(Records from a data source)

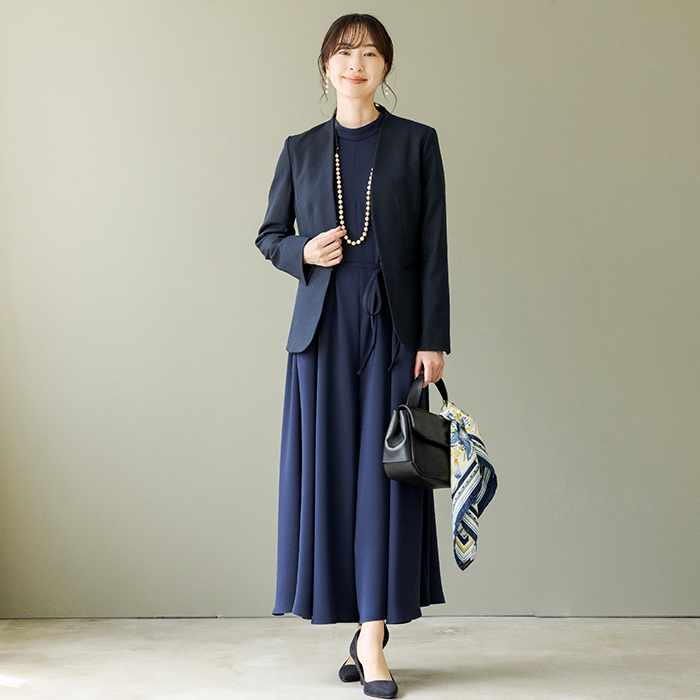 洗える｜定番ネイビーパンツスーツ 15号・ネイビー｜東京ソワール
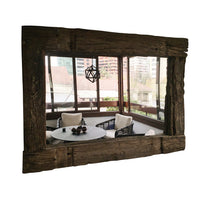 Un Espejo inserto en el Patrimonio Cultural Chileno. Fabricado con Durmientes de Roble utilizados en líneas de tren reales y rescatados por nosotros. 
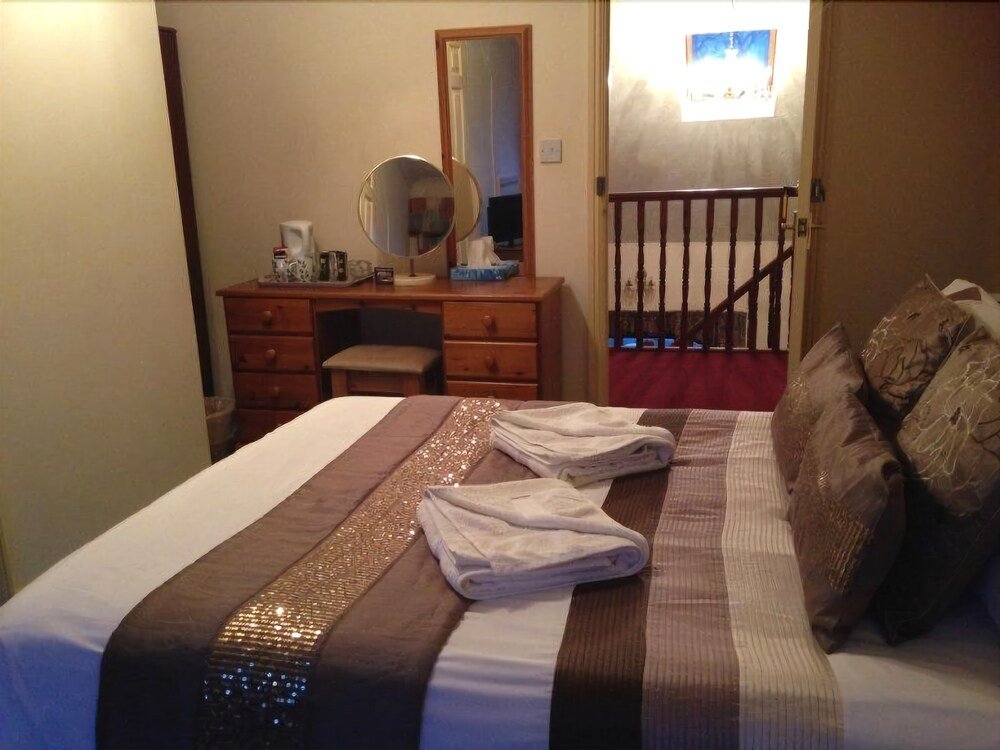 Фото Westgrange House Bed & Breakfast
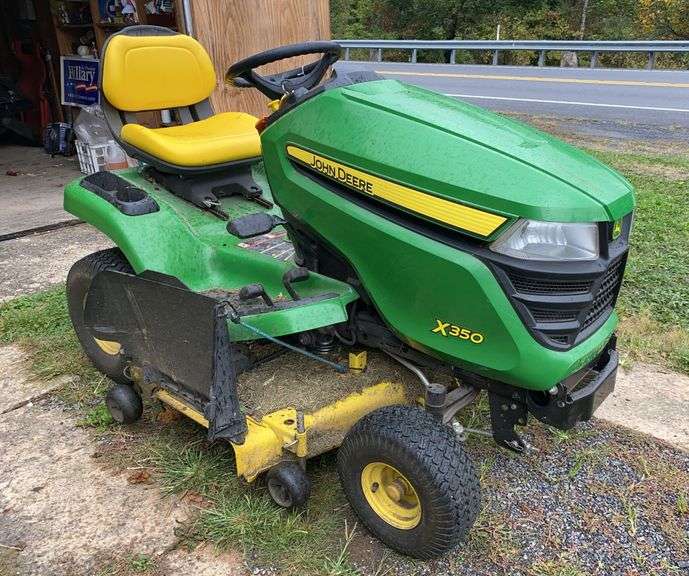 John Deere X350 lawn tractor
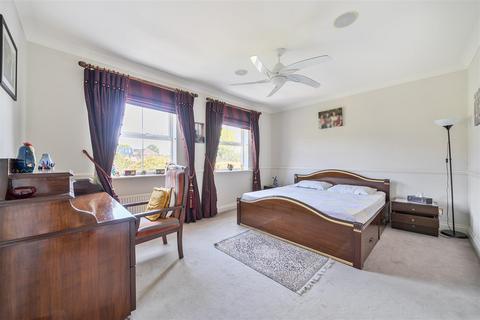 6 Clearwater Place, Long Ditton, Surbiton, KT6 4ET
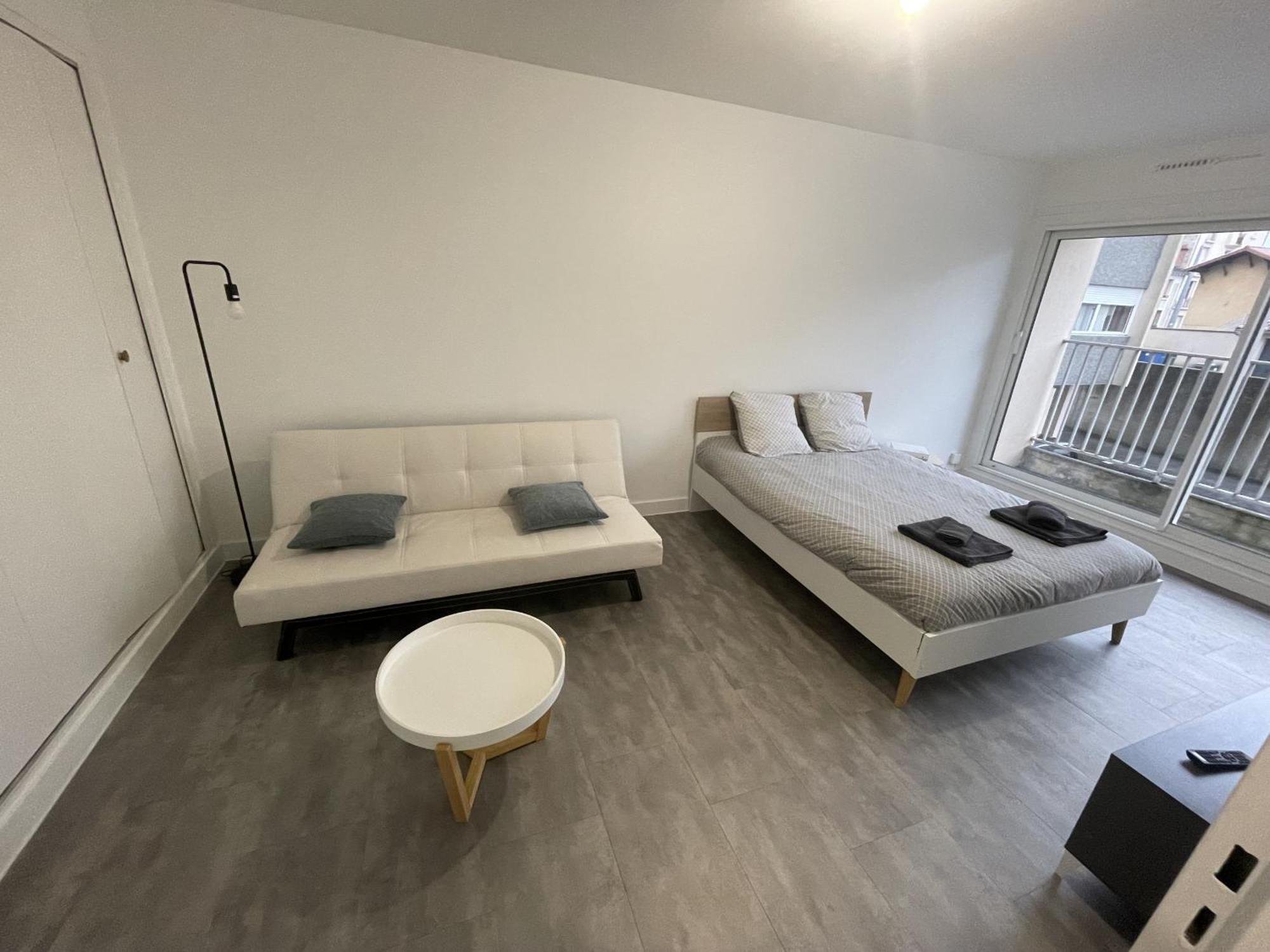 Logement Neuf A Proximite Du Centre Ville Avec Parking Лимож Экстерьер фото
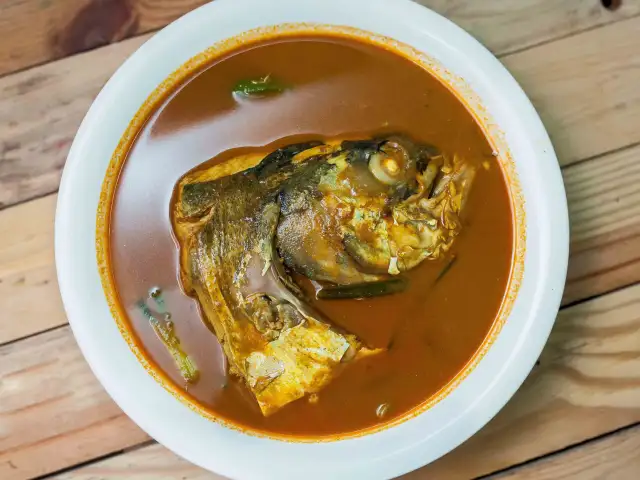 Kolombong Fish Head Curry & Cafe (Plaza Kingfisher)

Problem to solve
All of the entries above should be retyped exactly, with the pictures left out.

Finished exercise
 洗える｜定番ネイビーパンツスーツ 15号・ネイビー｜東京ソワール
 Un Espejo inserto en el Patrimonio Cultural Chileno. Fabricado con Durmientes de Roble utilizados en líneas de tren reales y rescatados por nosotros. 
 Фото Westgrange House Bed & Breakfast
 John Deere X350 lawn tractor
 6 Clearwater Place, Long Ditton, Surbiton, KT6 4ET
 Logement Neuf A Proximite Du Centre Ville Avec Parking Лимож Экстерьер фото
 Kolombong Fish Head Curry & Cafe (Plaza Kingfisher)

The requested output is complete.